| YOUR GOAL |
Below are the records; restate word for word the lines from the first through the one containing "Salomon Drx Grvl Trail Running Shoes", and only those.

Stored dataset items
====

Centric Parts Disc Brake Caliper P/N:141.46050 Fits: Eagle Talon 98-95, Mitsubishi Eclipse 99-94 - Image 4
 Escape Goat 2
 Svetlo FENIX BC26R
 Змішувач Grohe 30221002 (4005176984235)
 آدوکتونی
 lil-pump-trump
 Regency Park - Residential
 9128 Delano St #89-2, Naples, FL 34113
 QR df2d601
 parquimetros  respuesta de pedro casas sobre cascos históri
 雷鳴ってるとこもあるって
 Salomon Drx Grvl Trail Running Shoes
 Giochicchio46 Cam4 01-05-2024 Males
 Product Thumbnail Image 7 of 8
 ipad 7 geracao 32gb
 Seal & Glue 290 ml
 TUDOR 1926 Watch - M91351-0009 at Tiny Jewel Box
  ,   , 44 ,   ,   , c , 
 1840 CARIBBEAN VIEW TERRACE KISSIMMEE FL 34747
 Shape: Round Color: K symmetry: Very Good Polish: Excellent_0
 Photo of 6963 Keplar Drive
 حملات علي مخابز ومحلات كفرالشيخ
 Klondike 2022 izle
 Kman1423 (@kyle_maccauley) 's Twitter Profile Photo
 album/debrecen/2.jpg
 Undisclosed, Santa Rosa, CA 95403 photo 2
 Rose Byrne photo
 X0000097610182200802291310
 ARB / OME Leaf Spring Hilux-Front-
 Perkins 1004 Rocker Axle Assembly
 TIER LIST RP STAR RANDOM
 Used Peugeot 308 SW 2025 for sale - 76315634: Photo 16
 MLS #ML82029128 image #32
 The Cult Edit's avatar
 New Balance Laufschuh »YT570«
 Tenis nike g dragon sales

====

| THE ANSWER |
Centric Parts Disc Brake Caliper P/N:141.46050 Fits: Eagle Talon 98-95, Mitsubishi Eclipse 99-94 - Image 4
 Escape Goat 2
 Svetlo FENIX BC26R
 Змішувач Grohe 30221002 (4005176984235)
 آدوکتونی
 lil-pump-trump
 Regency Park - Residential
 9128 Delano St #89-2, Naples, FL 34113
 QR df2d601
 parquimetros  respuesta de pedro casas sobre cascos históri
 雷鳴ってるとこもあるって
 Salomon Drx Grvl Trail Running Shoes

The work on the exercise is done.